Since moving to the town from the coun try, I admit I have been staggered by the sheer number of cats knocking about and their insouciance. They act as if they own the place. I don't see them, as my landlord does, as an axis of evil, but I keenly support his low-intensity war against them. His last humane deterrent was an elaborate mesh of fishing-line stretched tautly between pegs in the front garden. I helped knock in the pegs. The only victims of this so far, however, have been the landlord and myself on Jubilee night. Previous ineffective humane deterrents have included plastic bags tied to the shrubs, plastic windmills and pepper.

The lion dung was not an unqualified success. We stacked a neat pile in the centre of the back lawn. The morning after, daylight revealed a single unbroken cat turd deposited close by, like a cheeky pawn putting a king in check. Then a visiting child got some lion dung on his sandals and traipsed it all over the house. The number of feline visitors did decline at first, then markedly increased. After this, my landlord got his air rifle out of the attic and turned the house upside-down looking for his pellets.

So far he hasn't gone as far as to open fire. But he has renounced humane deterrents and resorted to terror. The change of policy has already borne fruit. The landlord has a flag-pole in his garden. He and I were up the ladder, fixing up a Union Jack to celebrate Her Majesty's Jubilee. We were elated on two counts. First, because we'd managed finally to get hold of a Union Jack after trailing from shop to shop for the best part of a morning. Second, because raising a Union Jack, especially a big one, is intrinsically exciting when you are proud of it. Then we had another reason to be excited. Far below us, and unaware of our presence, this small grey fluffy thing with the digestive system of a buffalo was disappearing into the landlord's shed.

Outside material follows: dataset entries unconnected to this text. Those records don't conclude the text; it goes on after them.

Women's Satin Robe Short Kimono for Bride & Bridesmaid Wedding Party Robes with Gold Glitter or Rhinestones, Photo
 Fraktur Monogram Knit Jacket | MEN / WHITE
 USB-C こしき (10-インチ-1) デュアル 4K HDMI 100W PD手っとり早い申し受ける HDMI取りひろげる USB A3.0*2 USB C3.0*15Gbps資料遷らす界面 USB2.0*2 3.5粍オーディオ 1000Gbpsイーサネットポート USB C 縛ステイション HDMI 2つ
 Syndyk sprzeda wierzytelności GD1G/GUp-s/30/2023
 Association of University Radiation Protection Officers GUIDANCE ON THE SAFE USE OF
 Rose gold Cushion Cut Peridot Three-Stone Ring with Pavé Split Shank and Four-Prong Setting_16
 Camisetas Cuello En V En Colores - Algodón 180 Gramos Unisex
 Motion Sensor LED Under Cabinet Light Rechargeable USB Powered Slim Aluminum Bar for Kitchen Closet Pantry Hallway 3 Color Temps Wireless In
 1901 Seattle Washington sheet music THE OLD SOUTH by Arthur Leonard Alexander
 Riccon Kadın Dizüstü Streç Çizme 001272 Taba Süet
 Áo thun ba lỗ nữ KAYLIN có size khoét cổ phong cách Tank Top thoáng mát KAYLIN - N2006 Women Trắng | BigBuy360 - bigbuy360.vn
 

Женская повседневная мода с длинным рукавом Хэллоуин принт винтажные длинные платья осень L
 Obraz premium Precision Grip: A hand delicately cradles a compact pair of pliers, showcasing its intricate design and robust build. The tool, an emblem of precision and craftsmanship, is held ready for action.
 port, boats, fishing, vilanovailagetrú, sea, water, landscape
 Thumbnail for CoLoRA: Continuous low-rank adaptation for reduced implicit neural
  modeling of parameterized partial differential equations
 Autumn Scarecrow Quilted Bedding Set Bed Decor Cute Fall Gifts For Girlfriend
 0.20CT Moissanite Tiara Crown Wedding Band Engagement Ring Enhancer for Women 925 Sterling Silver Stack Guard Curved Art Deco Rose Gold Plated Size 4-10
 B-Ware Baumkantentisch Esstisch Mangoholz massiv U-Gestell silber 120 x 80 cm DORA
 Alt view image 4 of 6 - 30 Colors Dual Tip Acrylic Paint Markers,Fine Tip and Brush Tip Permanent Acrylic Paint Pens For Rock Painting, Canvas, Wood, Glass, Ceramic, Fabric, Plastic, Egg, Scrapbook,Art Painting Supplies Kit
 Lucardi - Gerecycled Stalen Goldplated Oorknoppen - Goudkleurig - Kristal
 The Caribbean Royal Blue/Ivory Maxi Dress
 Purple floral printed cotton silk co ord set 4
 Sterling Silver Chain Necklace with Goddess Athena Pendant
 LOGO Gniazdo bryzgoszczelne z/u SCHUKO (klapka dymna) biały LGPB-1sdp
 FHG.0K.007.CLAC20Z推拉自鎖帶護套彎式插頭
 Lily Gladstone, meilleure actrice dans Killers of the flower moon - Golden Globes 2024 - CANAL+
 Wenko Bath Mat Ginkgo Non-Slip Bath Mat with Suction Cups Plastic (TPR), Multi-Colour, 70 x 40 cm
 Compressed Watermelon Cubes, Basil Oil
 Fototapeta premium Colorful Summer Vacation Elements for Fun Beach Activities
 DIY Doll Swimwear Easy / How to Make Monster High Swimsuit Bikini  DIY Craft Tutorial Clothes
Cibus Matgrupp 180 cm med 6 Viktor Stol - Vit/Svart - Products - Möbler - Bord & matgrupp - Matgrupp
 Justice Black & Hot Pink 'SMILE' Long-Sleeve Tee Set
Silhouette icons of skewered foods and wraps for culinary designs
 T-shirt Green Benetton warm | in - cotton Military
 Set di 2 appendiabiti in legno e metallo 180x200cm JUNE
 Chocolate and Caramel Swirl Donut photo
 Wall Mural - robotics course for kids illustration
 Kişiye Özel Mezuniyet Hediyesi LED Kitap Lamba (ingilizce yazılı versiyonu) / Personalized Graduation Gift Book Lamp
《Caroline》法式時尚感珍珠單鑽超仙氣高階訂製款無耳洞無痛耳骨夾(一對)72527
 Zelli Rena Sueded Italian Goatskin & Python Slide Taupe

My landlord slid down the ladder and closed the door behind it. Then while we completed the job, being careful to get the flag the right way up, we debated what we were going to do with the cat. The landlord was all for starving it to death. I petitioned for mercy as it belonged to the lady in the house opposite, who doted on it, and might be inclined towards legal action.

We compromised.

The child who had trodden lion dung into the stair carpet had left behind one of those high-powered, pump-action water guns. He was immediately forgiven. The gun was found and primed. The landlord put on his cherished second world war German infantry helmet. I pushed open the door. Even confronted by a man in a helmet pointing a futuristic pump-action water gun at it, the cat appeared unconcerned. It stared at him with eyes as expressionless as a fish. It wasn't until the landlord pulled the trigger that I realised, and possibly the cat did too, that cats can run up walls.